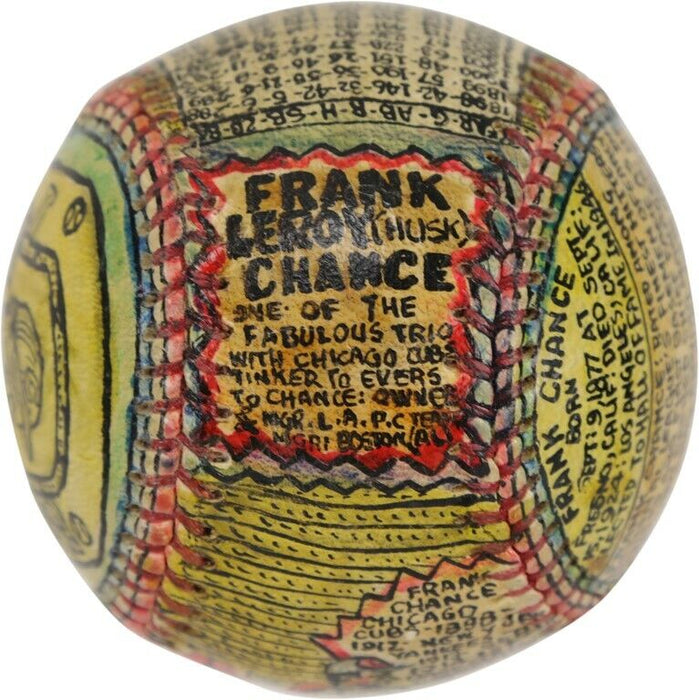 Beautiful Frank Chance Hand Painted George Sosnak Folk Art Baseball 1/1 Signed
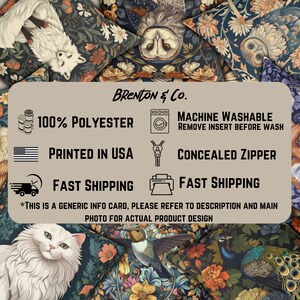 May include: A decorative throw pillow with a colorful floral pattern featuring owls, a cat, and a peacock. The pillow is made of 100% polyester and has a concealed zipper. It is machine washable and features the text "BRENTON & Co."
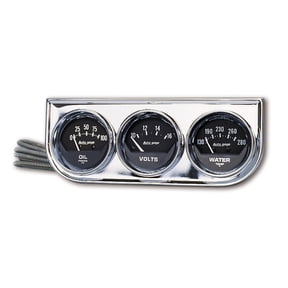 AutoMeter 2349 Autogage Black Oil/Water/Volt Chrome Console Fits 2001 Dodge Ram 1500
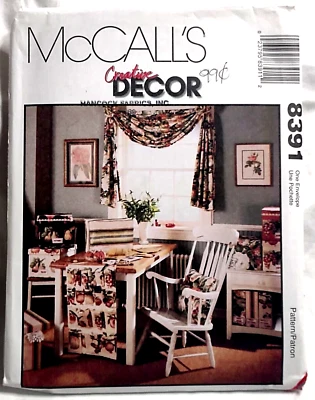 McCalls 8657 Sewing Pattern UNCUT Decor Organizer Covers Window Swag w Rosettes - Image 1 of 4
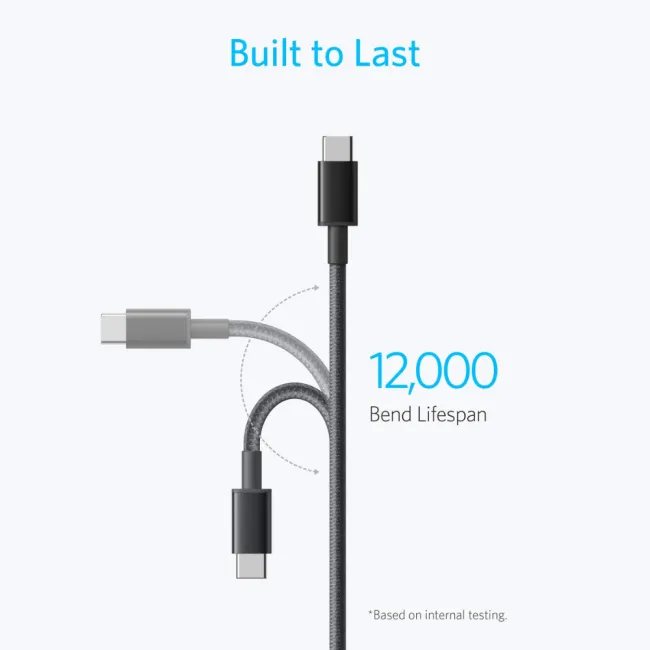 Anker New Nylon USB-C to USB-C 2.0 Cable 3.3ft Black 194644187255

......

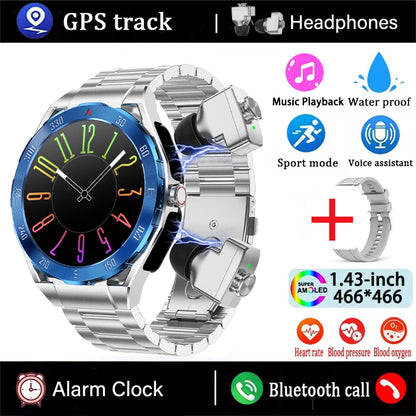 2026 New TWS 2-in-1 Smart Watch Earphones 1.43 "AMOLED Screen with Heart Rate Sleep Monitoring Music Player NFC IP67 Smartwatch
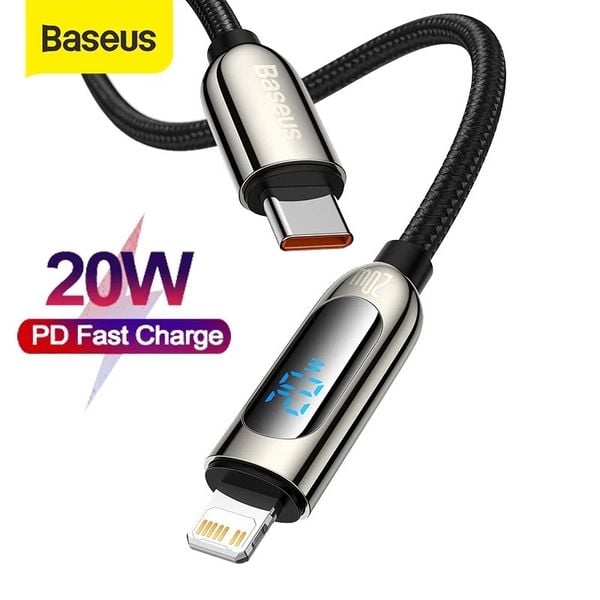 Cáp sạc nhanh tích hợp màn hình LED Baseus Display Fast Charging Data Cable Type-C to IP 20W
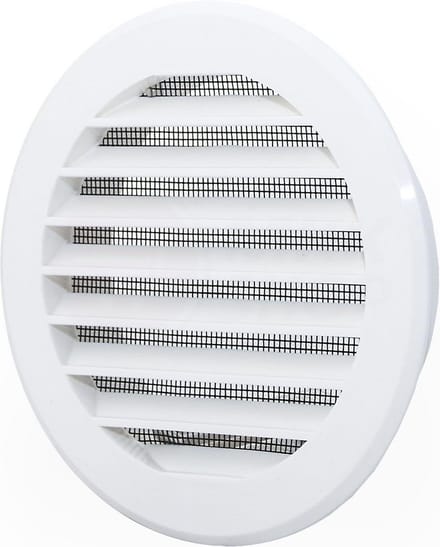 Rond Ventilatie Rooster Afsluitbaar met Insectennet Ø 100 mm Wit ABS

......

## [Exercise prompt]
When you reach the line holding "May include: A" in the listing above, begin retyping exactly, and stop once the line holding "Anker New Nylon" is done; pictures stay out.

## [Reply]
 May include: A decorative throw pillow with a colorful floral pattern featuring owls, a cat, and a peacock. The pillow is made of 100% polyester and has a concealed zipper. It is machine washable and features the text "BRENTON & Co."
 AutoMeter 2349 Autogage Black Oil/Water/Volt Chrome Console Fits 2001 Dodge Ram 1500
 McCalls 8657 Sewing Pattern UNCUT Decor Organizer Covers Window Swag w Rosettes - Image 1 of 4
 Anker New Nylon USB-C to USB-C 2.0 Cable 3.3ft Black 194644187255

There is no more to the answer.